Wakil Ketua DPRD Jember, Ayub Junaidi, menjelaskan, 13 Januari lalu DPRD Jember menerima surat yang ditandatangani Sekretaris Daerah Provinsi Jawa Timur yang isinya penunjukan Plt Sekretaris Kabupaten oleh bupati tidak perlu persetujuan gubernur. Padahal, sebelumnya pada tanggal 11 Januari lalu, gubernur sudah mengeluarkan surat yang isinya memberikan persetujuan kepada bupati untuk menunjuk Bambang Hariono sebagai Plt Sekretaris Kabupaten Jember. Surat tersebut juga dilengkapi dengan dasar hokum atas persetujuan tersebut. DPRD Jember dihadapkan pada dua surat yang saling bertolak belakang. Jika tidak perlu persetujuan, seharusnya gubernur tidak mengeluarkan surat persetujuan terkait penunjukkan Plt Sekretaris Kabupaten Jember.
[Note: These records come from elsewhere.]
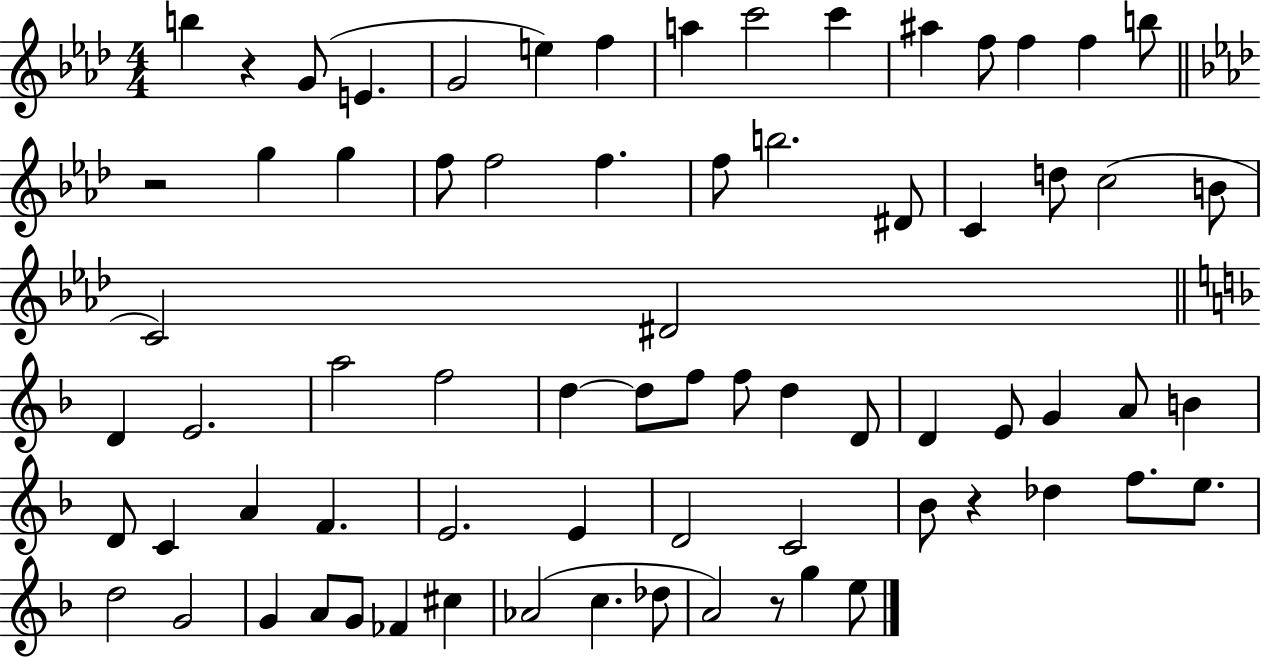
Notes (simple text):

B5/q R/q G4/e E4/q. G4/h E5/q F5/q A5/q C6/h C6/q A#5/q F5/e F5/q F5/q B5/e R/h G5/q G5/q F5/e F5/h F5/q. F5/e B5/h. D#4/e C4/q D5/e C5/h B4/e C4/h D#4/h D4/q E4/h. A5/h F5/h D5/q D5/e F5/e F5/e D5/q D4/e D4/q E4/e G4/q A4/e B4/q D4/e C4/q A4/q F4/q. E4/h. E4/q D4/h C4/h Bb4/e R/q Db5/q F5/e. E5/e. D5/h G4/h G4/q A4/e G4/e FES4/q C#5/q Ab4/h C5/q. Db5/e A4/h R/e G5/q E5/e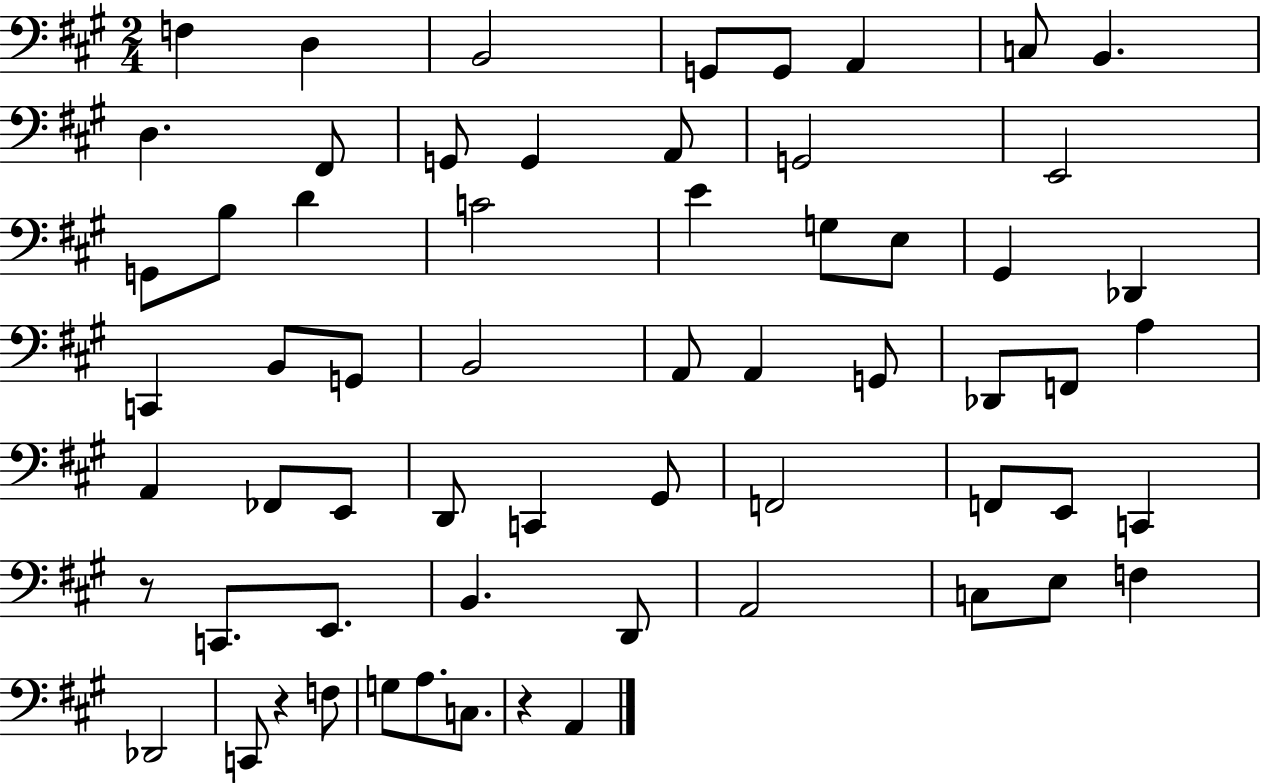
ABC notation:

X:1
T:Untitled
M:2/4
L:1/4
K:A
F, D, B,,2 G,,/2 G,,/2 A,, C,/2 B,, D, ^F,,/2 G,,/2 G,, A,,/2 G,,2 E,,2 G,,/2 B,/2 D C2 E G,/2 E,/2 ^G,, _D,, C,, B,,/2 G,,/2 B,,2 A,,/2 A,, G,,/2 _D,,/2 F,,/2 A, A,, _F,,/2 E,,/2 D,,/2 C,, ^G,,/2 F,,2 F,,/2 E,,/2 C,, z/2 C,,/2 E,,/2 B,, D,,/2 A,,2 C,/2 E,/2 F, _D,,2 C,,/2 z F,/2 G,/2 A,/2 C,/2 z A,,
Diberitakan sebelumnya, nasib APBD Jember tahun 2017 tidak jelas setelah bupati menolak memenuhi permintaan DPRD agar mengubah tanggal surat penunjukkan Plt Sekkab Jember, menyesuaikan surat persetujuan Gubernur Jawa Timur. Surat perintah Plt Sekretaris Kabupaten Jember tertanggal 3 Januari, namun surat persetujuan Gubernur Jawa Timur tertanggal 11 Januari 2017. DPRD khawatir penunjukan Plt Sekretaris Kabupaten Jember cacat hukum sehingga APBD 2017 yang ditandatangani oleh Plt Sekkab selaku Ketua Tim Anggaran juga cacat hukum. (Fath)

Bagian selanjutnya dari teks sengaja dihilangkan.